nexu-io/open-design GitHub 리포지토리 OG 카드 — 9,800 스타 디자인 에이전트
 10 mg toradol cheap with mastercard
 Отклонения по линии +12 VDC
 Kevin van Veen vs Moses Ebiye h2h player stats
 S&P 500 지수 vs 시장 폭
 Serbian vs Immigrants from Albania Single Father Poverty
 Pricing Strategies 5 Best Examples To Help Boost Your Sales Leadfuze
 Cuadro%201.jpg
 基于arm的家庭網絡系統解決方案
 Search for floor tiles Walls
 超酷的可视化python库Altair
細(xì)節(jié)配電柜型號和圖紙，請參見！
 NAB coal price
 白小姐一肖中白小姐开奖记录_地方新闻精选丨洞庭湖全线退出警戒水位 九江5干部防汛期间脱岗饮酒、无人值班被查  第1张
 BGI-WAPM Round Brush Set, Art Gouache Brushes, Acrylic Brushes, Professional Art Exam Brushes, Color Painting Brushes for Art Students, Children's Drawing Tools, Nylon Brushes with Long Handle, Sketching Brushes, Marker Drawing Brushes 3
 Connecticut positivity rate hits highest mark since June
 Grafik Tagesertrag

:::

— TASK REQUIREMENTS —
The answer must consist of every line above that holds the string "with", copied exactly.

— EXERCISE ANSWER —
 10 mg toradol cheap with mastercard
 BGI-WAPM Round Brush Set, Art Gouache Brushes, Acrylic Brushes, Professional Art Exam Brushes, Color Painting Brushes for Art Students, Children's Drawing Tools, Nylon Brushes with Long Handle, Sketching Brushes, Marker Drawing Brushes 3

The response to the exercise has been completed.